Students enjoyed the seminar.  Nihan Goshin Aikido did not come directly
from O'sensei and as such, the students saw different ways to apply
techniques they have already learned. Everyone is eagerly awaiting sensei
wolslayer's return.


----------



## arnisador (Aug 18, 2003)

Thanks for the review!


----------



## theletch1 (Aug 19, 2003)

Great to see a favorable review of the nihon goshin aikido style.  NGA is not one of the BIG systems but it is very effective.  This style is no longer practiced in Japan but is gaining ground here in the U.S.  As a system techniques are taught with english names and only a very minimum of japanese language thrown in.  This makes it somewhat difficult for us newer guys to "talk shop" with practitioners of any of the traditional styles of aikido.  As stated in the review, some of the techs have a little variation on the traditional way of doing things.  I'd enjoy discussion/comparison if any one wants to explore NGA and is willing to bear with my learning curve on the language barrier. 

I have a seminar with Sensei Robert MacEwen in Roanoke next month.  I'll let ya'll know how that one went as well.

How about it aikido-ka.  This forum is a little sparse on the posting.  Let's get active in here.  I love my art and am always up for a discussion.


----------



## stickarts (Aug 19, 2003)

great! i look forward to hearing a review on your seminar!!
I will forward any info to the guy that teaches our aikido club!


----------



## kilo (Aug 19, 2003)

You said that your style is no longer practiced in Japan do you know why?  Also how does it compare to traditional aikido?


----------



## theletch1 (Aug 20, 2003)

I really couldn't say why it isn't (or truthfully for sure that it isn't) taught in Japan any more.  I'm still fairly new to this style and am not sure of all the ins and outs of the history.  Old Sempai here is a NGAer and is much more knowledgable than I.  Here is a link to a history page for NGA as well as a lineage for the system.http://nihongoshinaikido.com/history.htm   I hope that helps.

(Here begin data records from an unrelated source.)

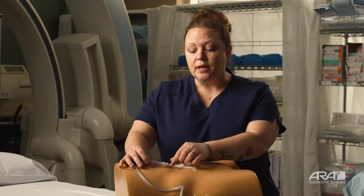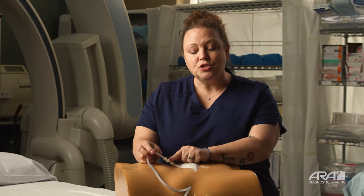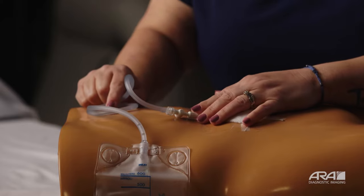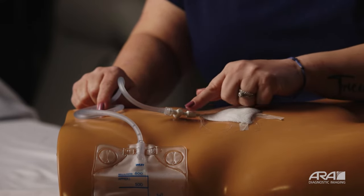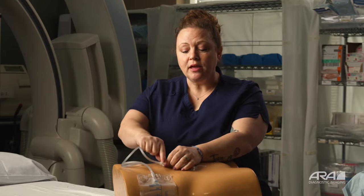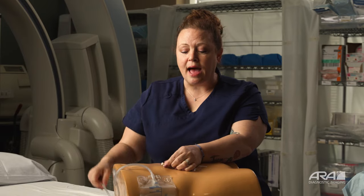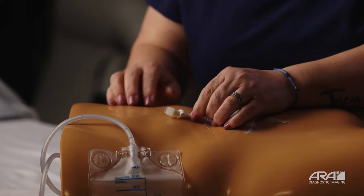Your equipment may look slightly different. The important thing to know is that where your catheter tubing connects to your drain will always be the same. Your biliary drain may be connected to catheter tubing so that your drain can drain directly into a bag. You may have come home from the hospital with a small cap placed over your biliary drain so that it does not drain freely into the bag.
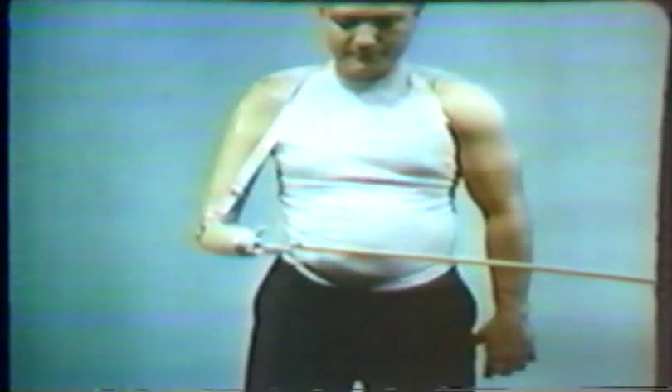Additional cable excursion and force for elbow flexion and terminal device operation is obtained by abducting the scapulae. The motion of scapular abduction provides excellent force but only moderate cable excursion. Here the amputee demonstrates how a combination of shoulder flexion and scapular abduction is used to flex the elbow and to control the terminal device.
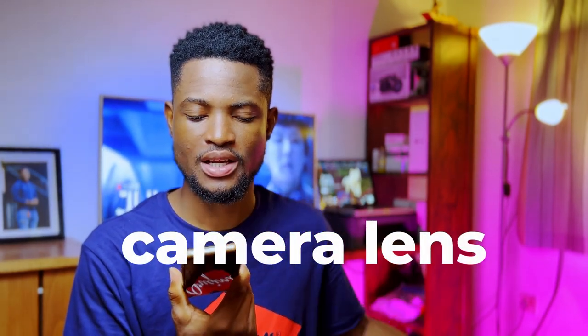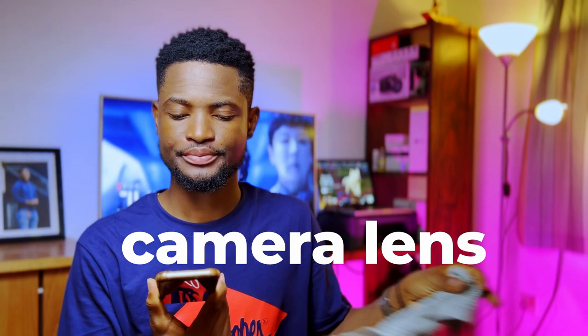First tip: the back cameras usually have a higher resolution than the front cameras. So it's advisable that when you're recording video, use the back side of the camera — the quality there is better. Second tip: clean your camera lens. Some people forget they have to wipe the camera — make sure it's clean so you get a very good quality video.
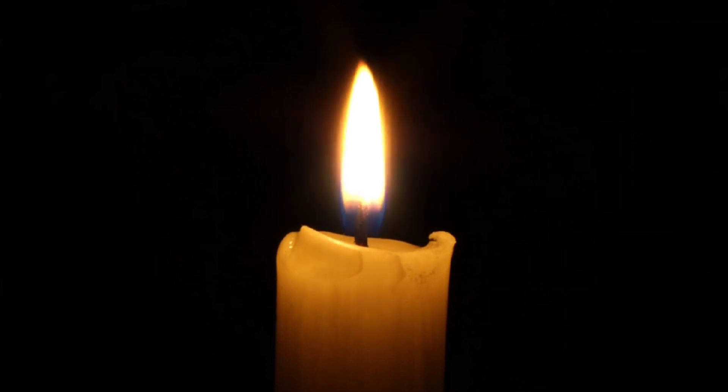Keep your gaze steady and unwavering, as if you are merging with the flame itself. Feel the warmth and brightness of the flame. Let it draw you into a deep state of focus. As you continue to gaze at the flame without blinking your eyes.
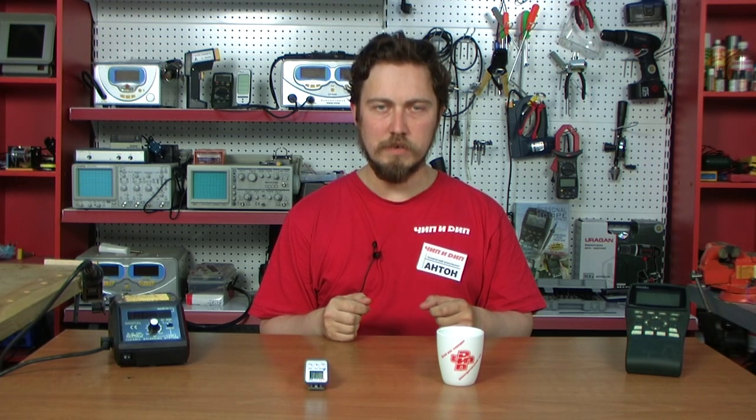The Digital Acidity Meter, or pH meter, model 8690 by AZ, is used to measure pH levels in liquids. If the pH level falls within the range from 1 to 6.9, the medium is considered to be acidic. If the pH level is 7, the medium is neutral. Alkaline mediums have pH levels ranging from 7.1 to 16. This device is used to measure temperature and pH levels in liquids.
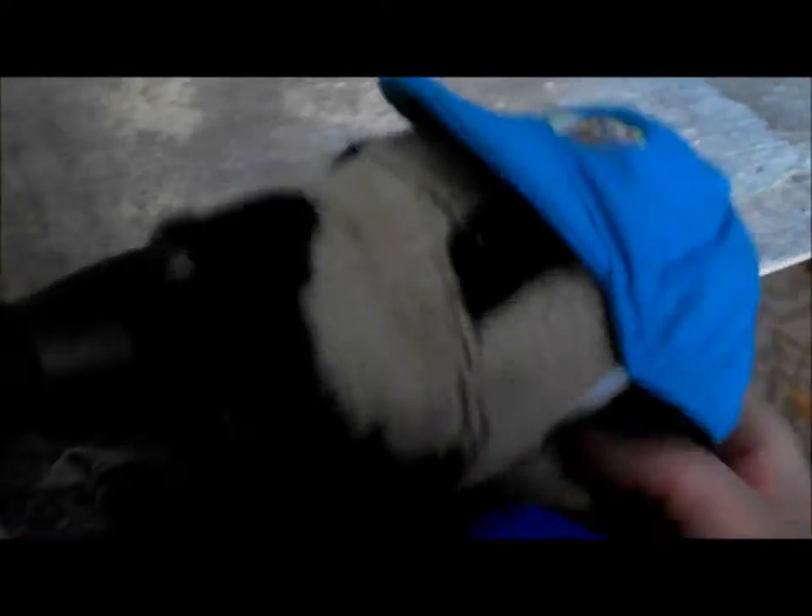And then you gotta use a saw and cut your lines. You get your saw, you line it up, and before you start cutting away, don't forget your safety goggles. I don't need them, because, well, I'm a Webkinz — not like I'm gonna go blind.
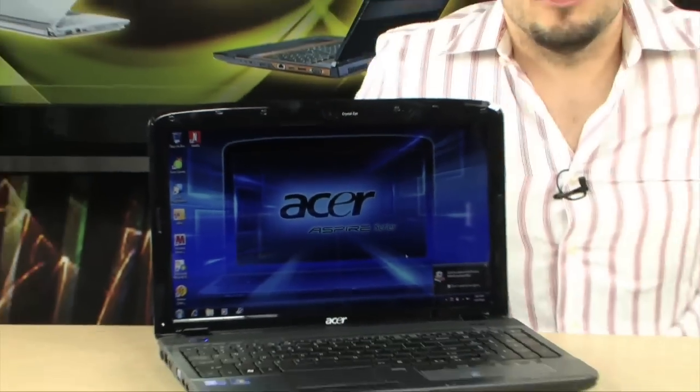We're looking at the 5740 Acer Aspire — a very nice little laptop that's going to do absolutely everything. It's a multimedia monster. Not only does it have the latest Intel processors, but it also has a high-end HD LED display.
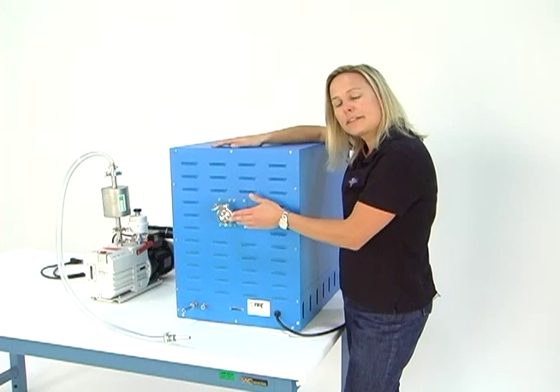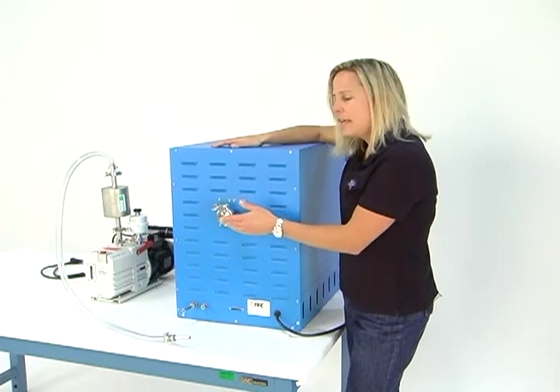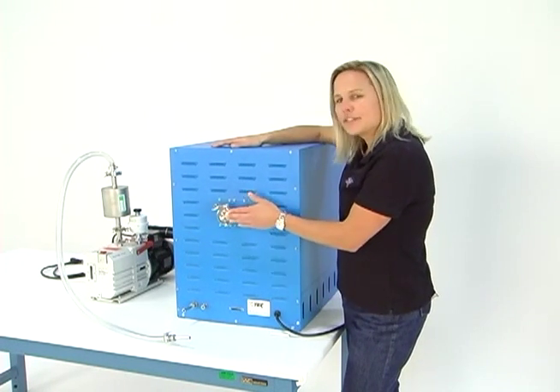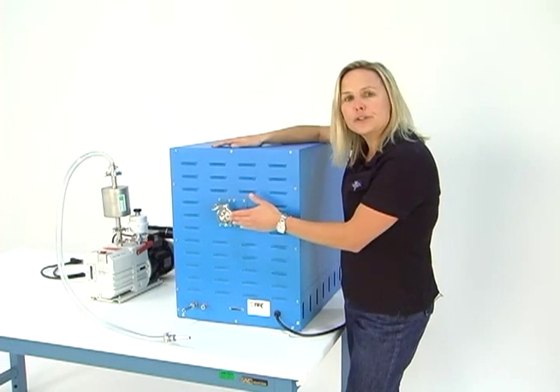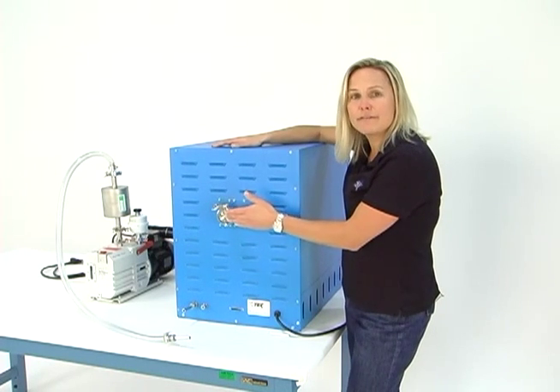Some people even want to connect their vacuum pump to this line. If you do, give us a call or send me an email, and I can tell you what you need to do to have this be your main vacuum port.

As for the differences from other styles of aikido I believe the main difference lie in the more proliferate (sp) use of atemi, the lack of extensive use of the japanese language,   It is a spiritual style but does not include the shinto religion.  The spirituality is based on the internal spirit of each individual.  I'm certain there are tons of differences that I haven't figured out yet... I'm still researching when time allows and will be sure to update as I figure it out myself.


----------



## stickarts (Aug 20, 2003)

I believe it is more combative oriented than traditional aikido, but i am no expert.


----------



## theletch1 (Aug 20, 2003)

Thank you!! That's the word I was looking for.  It is indeed more combative than traditional aikido.  This is one of the reasons that I think I fit in so well being a former kenpoist.


----------



## kilo (Aug 20, 2003)

Cool thanks for the link and the info.  Althogh I dont do traditional style of aikido myself I do an off shoot of  tomiki ryu aikido.


----------